You’ll build some character, learn some new people skills, and be able to enjoy your job more.
- Offer a solution: There are all kinds of bad bosses out there, whether they micromanage, don’t communicate effectively, or bully their employees. When you’ve identified what it is about your boss that really gets under your skin, think of a solution you can offer to make your interactions run more smoothly. It will come off as a constructive suggestion rather than a criticism. Tell them you’d like to see if you’re more efficient when they only check in on you once a day, ask if they’d consider writing weekly email updates about your project, or come up with a feasible, positive solution to your specific problem. Bullying can be harder to resolve, but addressing the problem with specific activities that offend you is the first step in the right direction.
- Don’t get emotional:The worst reaction to your boss’ frustrating behaviors is to lose your cool.
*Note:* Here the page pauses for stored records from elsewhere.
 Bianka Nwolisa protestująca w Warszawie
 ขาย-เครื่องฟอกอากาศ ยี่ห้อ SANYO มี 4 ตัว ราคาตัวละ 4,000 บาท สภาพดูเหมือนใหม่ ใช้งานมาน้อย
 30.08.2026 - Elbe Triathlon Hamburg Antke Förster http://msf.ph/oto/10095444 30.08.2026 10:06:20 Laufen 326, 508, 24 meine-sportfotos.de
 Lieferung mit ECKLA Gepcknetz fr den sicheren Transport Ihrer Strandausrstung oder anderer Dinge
No matter the situation, it’s important to stay professional and not let your emotions get the best of you. If you can feel yourself getting worked up, take a break before you address the issue. Walk around, get some air, and make sure you rein your emotions back in before talking to your boss. Take the time to collect yourself if you’re meeting one-on-one with your boss; even excuse yourself briefly if you need to. This will look much better than losing your temper, getting defensive, or sobbing. You want your boss to take your feedback seriously, and it’ll be easier for him to discount your opinions if he can claim you’re acting irrationally.
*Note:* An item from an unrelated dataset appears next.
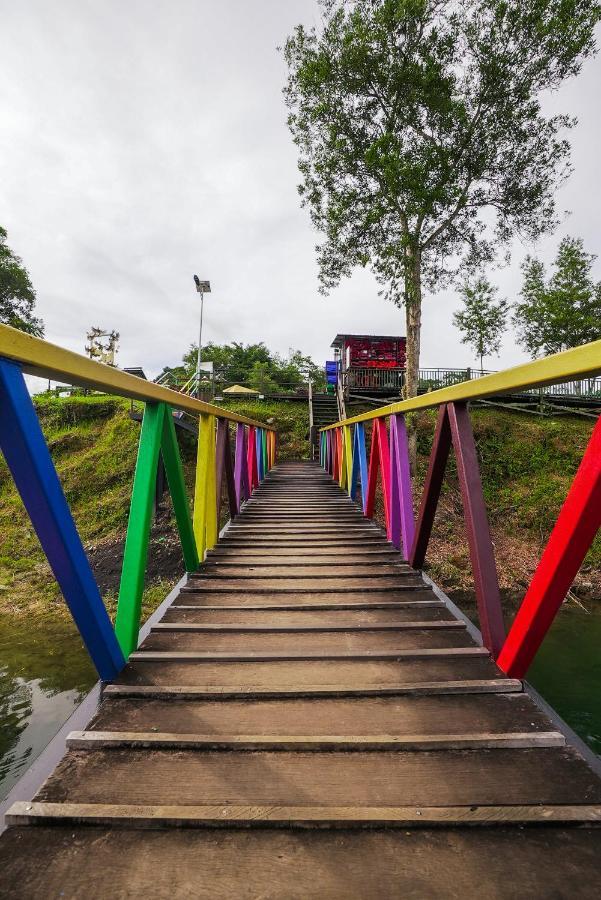 Roxy Tasik Biru Resort City Bau المظهر الخارجي الصورة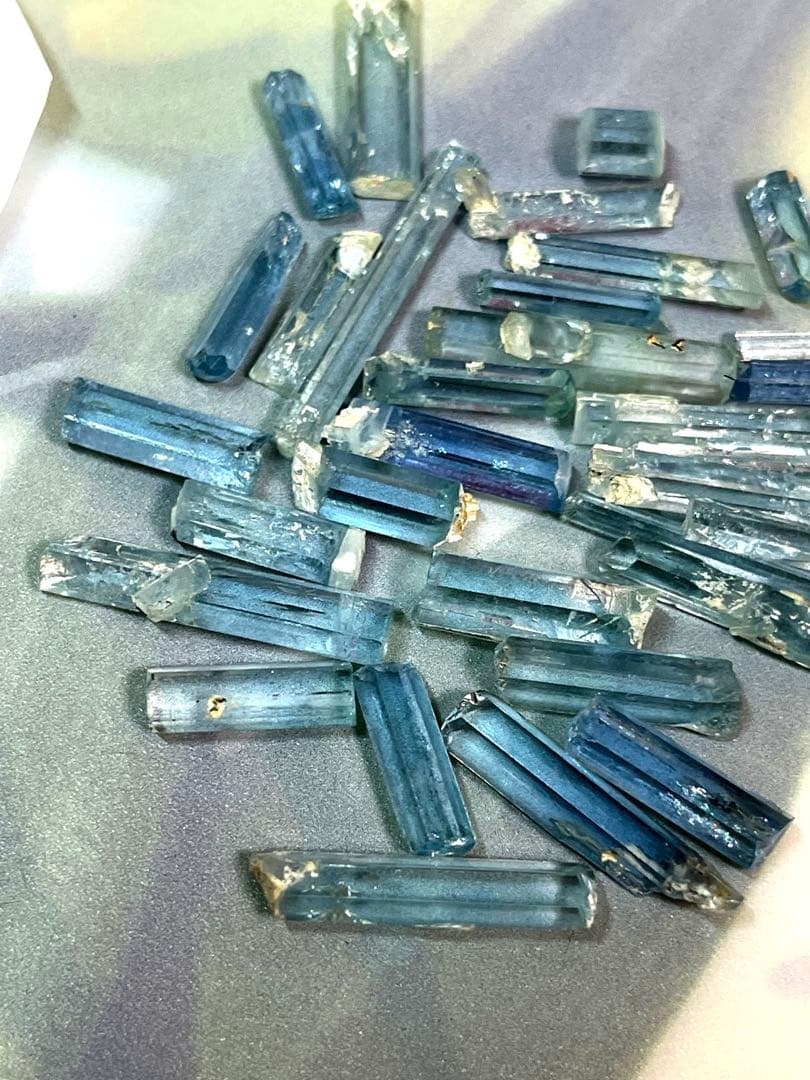 超クリア アクアマリン 原石 重さ：52.90ct 32点セットベトナム産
- Evaluate yourself:It’s easy to get wrapped up in all the annoying things your boss is doing, but don’t forget to consider the role you play in the conflict. Consider how you handle situations and whether your boss is responding to things you’re doing. Are you consistently missing deadlines? Maybe that’s why he’s micromanaging you. Have you been interrupting others in brainstorming meetings? That could be discouraging him from choosing your ideas. At the very least, evaluating your job performance and interactions with the boss and other co-workers will reaffirm your position and possibly help you acknowledge some areas you can improve upon, an important tool if you and your boss try to compromise on an issue.
- Make note of positive interactions:When you’re frustrated, your negative feelings can spiral out of control if you don’t keep them in check. What starts as mild annoyance can morph into full-blown hatred if you’re not careful. Make sure, even just for the sake of your own mental health, that you mentally acknowledge the positive things your boss does. Even small things can go a long way toward shaping a more neutral opinion of him, making it easier to deal with him on a daily basis. And if your boss has made an attempt to fix something that you’ve mentioned, don’t hesitate to tell him how much you appreciate it.